Sunday, June 17, 2007

The Genome Is Miscellaneous

Hopefully by now you have read David Weinberger's Everything Is Miscellaneous: The Power of the New Digital Disorder. It's quite an interesting and absorbing read, one of those books that makes you look at the world just a bit differently. I seem to be doing that an awful lot lately, finding unexpected applications of Weinberger's thesis all over the place. The latest? The human genome!

The ENCODE Project just published its findings from a detailed investigation of 1% of the human genome, and it looks like it's waaaaaaaaaay more complex and interesting than we thought. There's the main article (DOI: 10.1038/nature05874) in the current issue of the journal Nature, and a whole slew of additional articles in this month's Genome Research. I've been working through Gerstein, et al.'s What is a gene, post-ENCODE? History and updated definition (DOI: 10.1101/gr.6339607) for a very absorbing look at how our notion of a "gene" has changed dramatically in the years since Mendel and his peas, and where our understanding of "gene" stands in light of this exciting new data from ENCODE.

It looks like the genome, far from being a nicely organized library of genetic building blocks, is a messy snarl of bits of coding DNA, all mixed up together in a pile. There is of course some physical structure to it all, but it seems pretty well jumbled up; the parts of a gene don't even need to be on the same chromosome. It reminded me of Weinberger's big miscellaneous pile, into which all our information goes, waiting to be organized by users and searchers according to their needs and desires. In the Miscellaneous Genome, the users and searchers are the complex regulatory networks of the cell, which seek out and assemble the bits they need to create the machinery and processes of life. They know how to read the genomic metadata that we are trying to grasp; once we can read the metadata, we'll be able to sift through the Miscellaneous Genome with ease.

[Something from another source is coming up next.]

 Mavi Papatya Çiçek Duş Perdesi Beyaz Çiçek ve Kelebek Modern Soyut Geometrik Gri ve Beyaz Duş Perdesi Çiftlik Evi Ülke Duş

Go read the book; go read the articles. Good stuff.

1 comment:

Brian H said...

An '80s book called "Artificial Intelligence", and consisting of a number of reports and articles, ended with one making an interesting comparison; it seems the repeating chunks of non-transcribed code, the introns, have about the same frequency distribution pattern as words in a natural language. The implication was that they laid out an operating manual for the coding bits (genes), and even for their modification -- evolutionary strategy. The latter seems plausible once you try to account for the differential patterns of mutability throughout the coding genome.

Such a manual or strategy pool would be highly pro-survival and powerful, as a way of bypassing the huge statistical hurdle of reliance on the straight "random error hypothesis" that is the assumed base for mutation and evolution. Once even a single such "rule" was evolved and conserved, there would be tremendous selection pressure for more of the same.